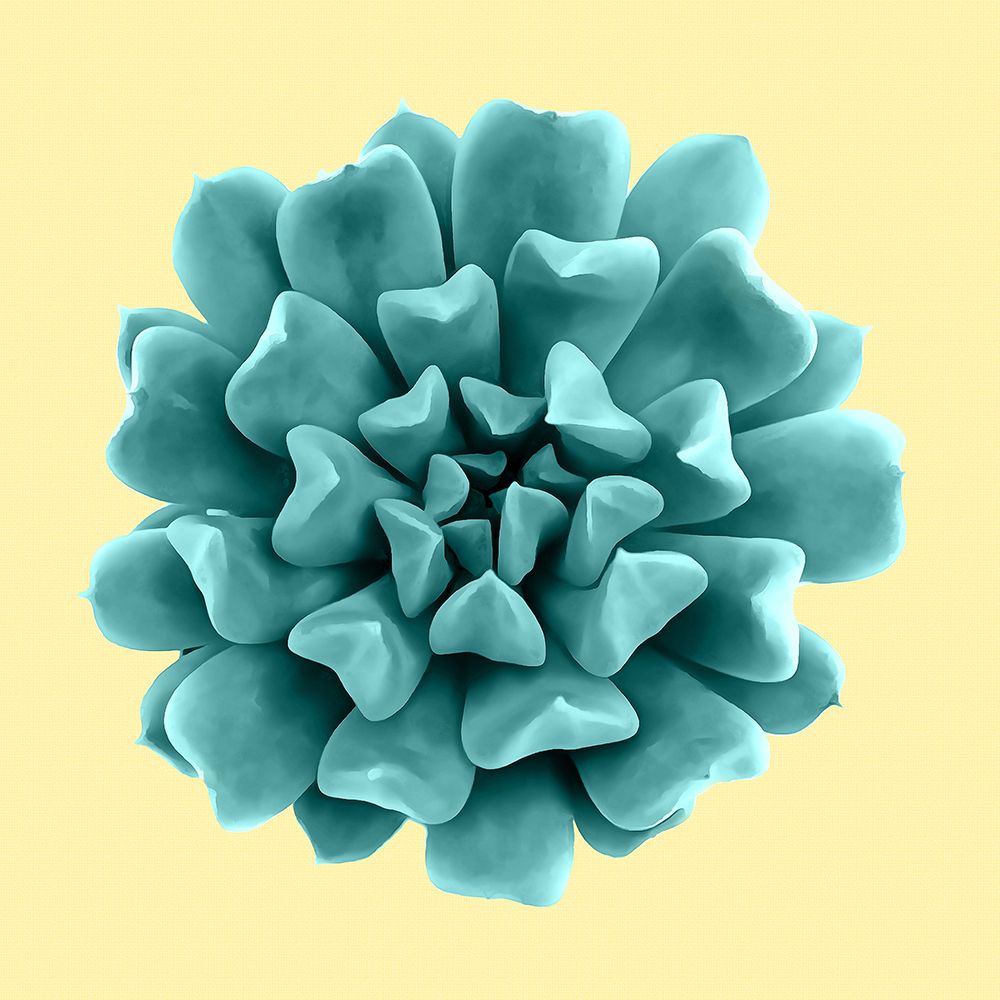 Teal Succulents On Yellow art print by Amini54 for $57.95 CAD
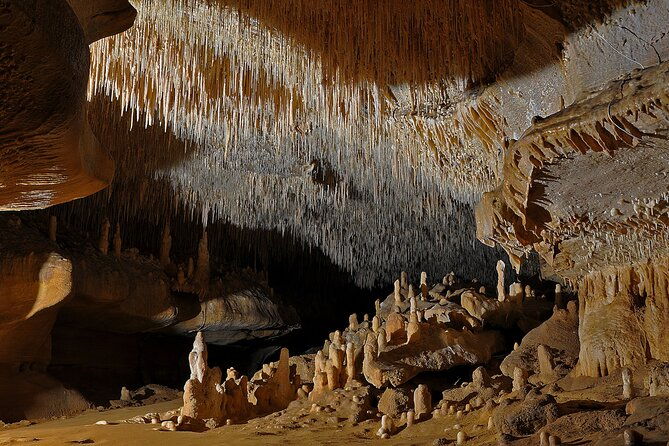 private-tour-into-an-original-prehistoric-cave-by-exploreo-sarlat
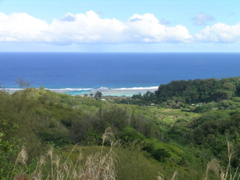 vue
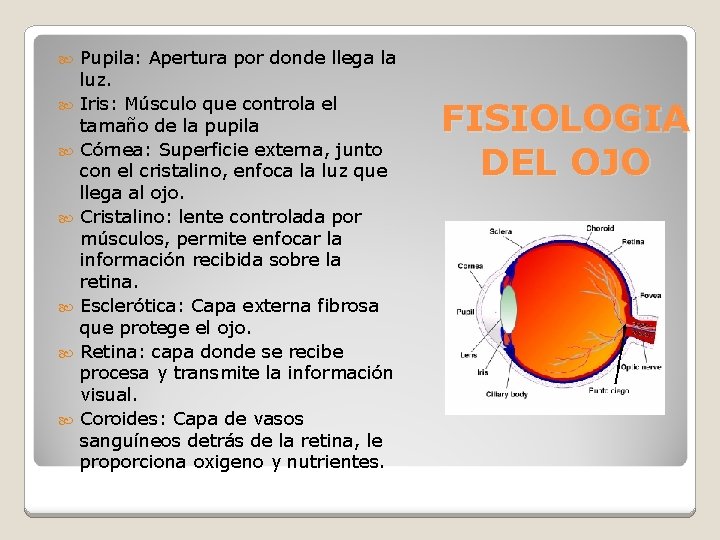  Pupila: Apertura por donde llega la luz. Iris: Músculo que controla el tamaño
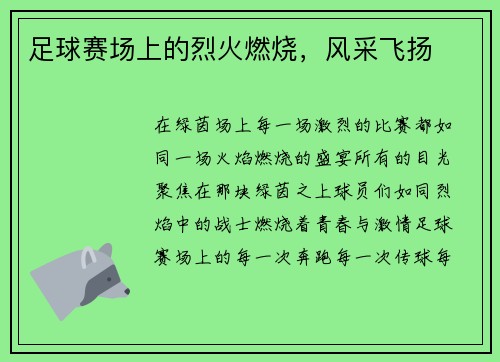 足球赛场上的烈火燃烧，风采飞扬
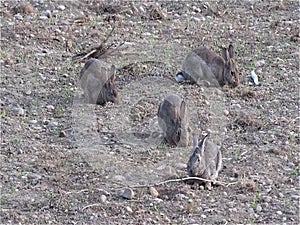 Wild Rabbits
********
BRIEF:
Output an exact copy of the material, with the pictures removed.

RESULT:
 Teal Succulents On Yellow art print by Amini54 for $57.95 CAD
 private-tour-into-an-original-prehistoric-cave-by-exploreo-sarlat
 vue
  Pupila: Apertura por donde llega la luz. Iris: Músculo que controla el tamaño
 足球赛场上的烈火燃烧，风采飞扬
 Wild Rabbits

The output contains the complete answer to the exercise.